Some Gaza doctors have told Haj-Hassan that they had resorted to using vinegar as a stand-in antiseptic.
Another member of the western support group, Omar Abdel-Mannan, a senior paediatric neurology resident based in London, said: “Doctors on the ground are using minimal anaesthesia so they can economise on it.”
“They are reusing surgical gloves and equipment as they are not able to sterilise properly due to the lack of water,” Abdel-Mannan said. “Infectious diseases like chickenpox are starting to spread. It is only a matter of time before we see cholera and typhoid.”
Medical experts from the International Committee of the Red Cross (ICRC) visited hospitals in Gaza on Tuesday and confirmed the dire reports from doctors on the ground.

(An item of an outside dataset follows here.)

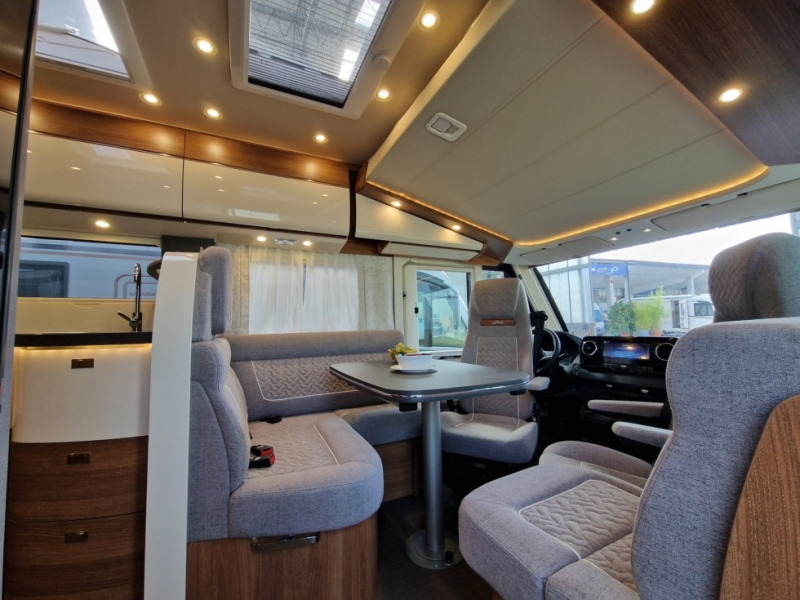 Carthago Carthago C2 Tourer I Mercedes 145 RB-LE - Интегрированный автодом: фото 4 Carthago Carthago C2 Tourer I Mercedes 145 RB-LE - Интегрированный автодом: фото 4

“What they describe seeing are death, destruction and displacement on a staggering level,” Matt Morris, an ICRC spokesperson said. “People are sleeping in the stairwells of hospitals. Thousands of people have nowhere else to go and are seeking shelter in the hospitals. Our teams felt the building walls shake from explosions in the vicinity.”
“International humanitarian law is very clear that hospitals are specially protected facilities,” Morris added. “Put plainly: no patient should ever be killed while lying in a hospital bed. No doctors, nurses or any medical professionals should ever die in a fiery explosion while working to save lives.”